SEE: 6 changes leaders need to make to get better at managing remote teams (TechRepublic)

He said that many leaders without remote experience are missing the material upside benefits of a fully remote environment.

“One huge advantage is that it is just as easy to communicate with someone on your team as it is someone on another team or someone in a different department, or even the CEO,” he said. “Everyone is equally disadvantaged in not having ready access to high-bandwidth face-to-face interaction.”

Some tasks are better in a virtual setting

These days sharing your desktop with a colleague is as common as joining a Zoom call. This is only one example of how workers can develop new habits and use technology to improve collaboration.

Lucid’s Chief Evangelist Bryan Stallings said the global shift to remote work resulted in some surprisingly positive outcomes for many organizations.

“Teams discovered that virtual solutions beyond videoconferencing, like virtual whiteboards, could promote improved remote collaboration beyond what was possible previously,” he said.

SEE: 5 collaboration tools you should know about (TechRepublic)

Stallings said these tools can make the workplace more inclusive and efficient than in traditional in-person settings.

“Well-facilitated remote collaboration levels the playing field, allowing everyone the same opportunities to contribute ideas and be heard,” he said.

ThoughtSpot converted its annual hackathon from an in-person event to a virtual one in 2020. The event resulted in a cloud-based version of the company’s data management software, which has exceeded revenue goals in less than a year. Lessons learned from the event motivated company leaders to build a remote-work culture, complete with asynchronous meetings and a new emphasis on communication skills, according to Ajeet Singh, co-founder and executive chairman of ThoughtSpot.

Managing people is the work

Early on in the pandemic, I spoke with a software engineer who led a large team. He liked coding and managing and was good at both. Early on in the pandemic, he found that instead of spending an hour or two a day on the phone talking with remote team members, he was spending almost the entire day on the phone. This made it impossible for him to do the technical work he enjoyed. This was the right response to the conditions on the ground.

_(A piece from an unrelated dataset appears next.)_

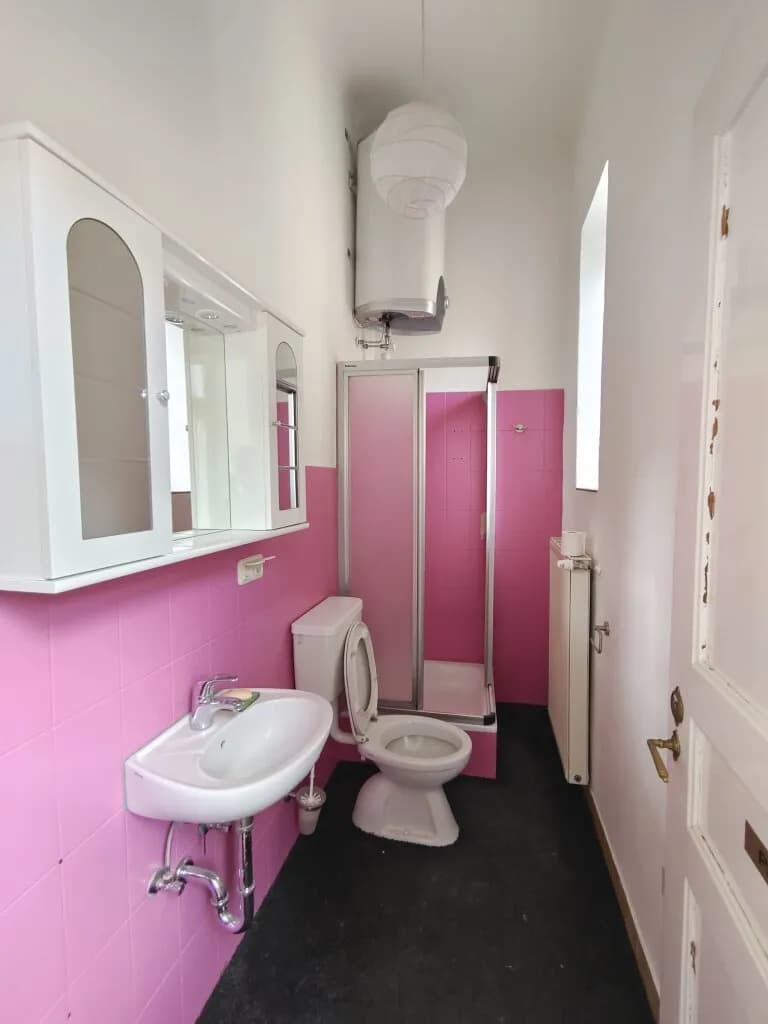 Gewerbeimmobilie mieten in Bruck-Mürzzuschlag – 130 m², € 1.261 – Bild 8 von 10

SEE: Tech workers list burnout and bad managers as biggest motivations for finding a new job (TechRepublic)

Many managers have both people responsibilities and project or product responsibilities. When the people part of the job requires more time, something has to give. It may feel like managing is taking up too much time, but the reality is that this part of the job was being neglected all along. Managing remote workers is not taking away time from other tasks. It’s forcing managers to improve communication and organizational skills that probably needed more focus all along.

Eden Cheng, co-founder of the software company PeopleFinderFree ,said that the last year has shown that many managers were sorely lacking the necessary skills needed to lead teams in any environment.

“Managers are now realizing that they now need to place more emphasis on the relationships and the overall mental well-being of their teams,” she said.